Apple and Cloudflare Design an Internet Protocol that Increases Privacy

Apple and Cloudflare Design an Internet Protocol that Increases Privacy

Working engineers a company Apple has teamed up with Cloudflare and Fastly to create Oblivious DNS, a new standard designed to make tracking users’ online activities harder.

While the Internet provides many privacy protection measures for users, including: encryption protocols and virtual private networks (VPNs), one of the things that are easy to track is the DNS (domain name system). The Domain Name System – which acts as an Internet address book – allows the use of domain names that are linked to the IP (Internet Protocol) addresses of a specified website, making the entire system more usable for ordinary users.

However, the nature of DNS means that it is sent and received between devices in clear text, which outside parties can easily notice, making it a traceable element. Developments such as DNS over HTTPS (also known as DoH) made it difficult for outside forces to change DNS queries to direct users to malicious sites, but still allowed user activities to be tracked.
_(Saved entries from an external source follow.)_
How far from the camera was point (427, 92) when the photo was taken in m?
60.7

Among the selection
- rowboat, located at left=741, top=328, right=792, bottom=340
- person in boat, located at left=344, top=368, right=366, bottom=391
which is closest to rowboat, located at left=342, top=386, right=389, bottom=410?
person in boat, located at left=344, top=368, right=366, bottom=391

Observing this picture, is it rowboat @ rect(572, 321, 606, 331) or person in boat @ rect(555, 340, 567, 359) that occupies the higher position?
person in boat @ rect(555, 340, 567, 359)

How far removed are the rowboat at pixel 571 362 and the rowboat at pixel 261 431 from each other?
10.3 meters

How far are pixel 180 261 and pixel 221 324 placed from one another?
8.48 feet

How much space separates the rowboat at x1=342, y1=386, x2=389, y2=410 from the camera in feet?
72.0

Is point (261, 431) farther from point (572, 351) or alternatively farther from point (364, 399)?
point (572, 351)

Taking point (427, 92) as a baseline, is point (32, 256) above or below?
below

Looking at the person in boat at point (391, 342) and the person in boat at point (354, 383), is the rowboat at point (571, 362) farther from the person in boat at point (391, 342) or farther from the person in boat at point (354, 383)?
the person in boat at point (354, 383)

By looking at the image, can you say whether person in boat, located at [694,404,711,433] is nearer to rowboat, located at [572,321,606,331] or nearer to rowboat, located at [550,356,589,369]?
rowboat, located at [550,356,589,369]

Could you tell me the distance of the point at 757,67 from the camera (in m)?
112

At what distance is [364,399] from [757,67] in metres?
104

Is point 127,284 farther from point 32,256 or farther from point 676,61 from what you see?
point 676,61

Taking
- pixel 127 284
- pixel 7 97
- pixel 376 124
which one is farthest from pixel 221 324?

In an effort to make DNS more private, and less trackable, a group of engineers at Apple, Cloudflare and Fastly came up with a new standard, Oblivious DNS over HTTPS – called ODoH. By separating the IP address from the query, ODoH provides an opportunity to make DNS queries more secure, as not all parties can access the IP address, or query at the same time.

The system operates by relying on both the public key encryption and the network proxy that exists between the client and the DoH server. The client encrypts the query, then sends it to the DoH server via proxy. The DoH server can decrypt the query, issue a response to it, encrypt that answer, and then send it back to the proxy, who will send it back to the client.

In fact, the agent is aware of the encrypted messages between the client and the DoH server, but not the content of the message. Meanwhile, the DoH server knows the content of the message itself, but only the proxy address, not the client.

And while it would theoretically be possible to combine the contents of the message and the client address if both the proxy server and the DoH server were owned by the same entity, the rule of thumb for this is that the proxy and the DoH server don’t collude at all. In practical terms, the process will ensure that the agent and the DoH server are owned by different companies.

It is noted that adding encryption and decryption, in addition to proxy, to a DNS query has caused some concern for users who want their DNS queries to work as quickly as possible. To address these concerns, She claims Cloudflare suggests that the initial testing of ODoH configurations is actually very promising.

According to the company, the auxiliary cipher is marginal in impact, with a time effect of just 1 millisecond for nearly 99 percent of queries.

Cloudflare and its partners such as PCCW Global, Surf, and Equinix today launched ODoH Agents to encourage further development and implementation, using Cloudflare’s DNS Reseller. Test agents were made available to all to allow interested parties to test themselves.

While current efforts aim to significantly improve the system, it may take some time before consumers can use it. Even with Apple participating in the project, it is not guaranteed to use the standard in iOS, macOS or Safari anytime soon.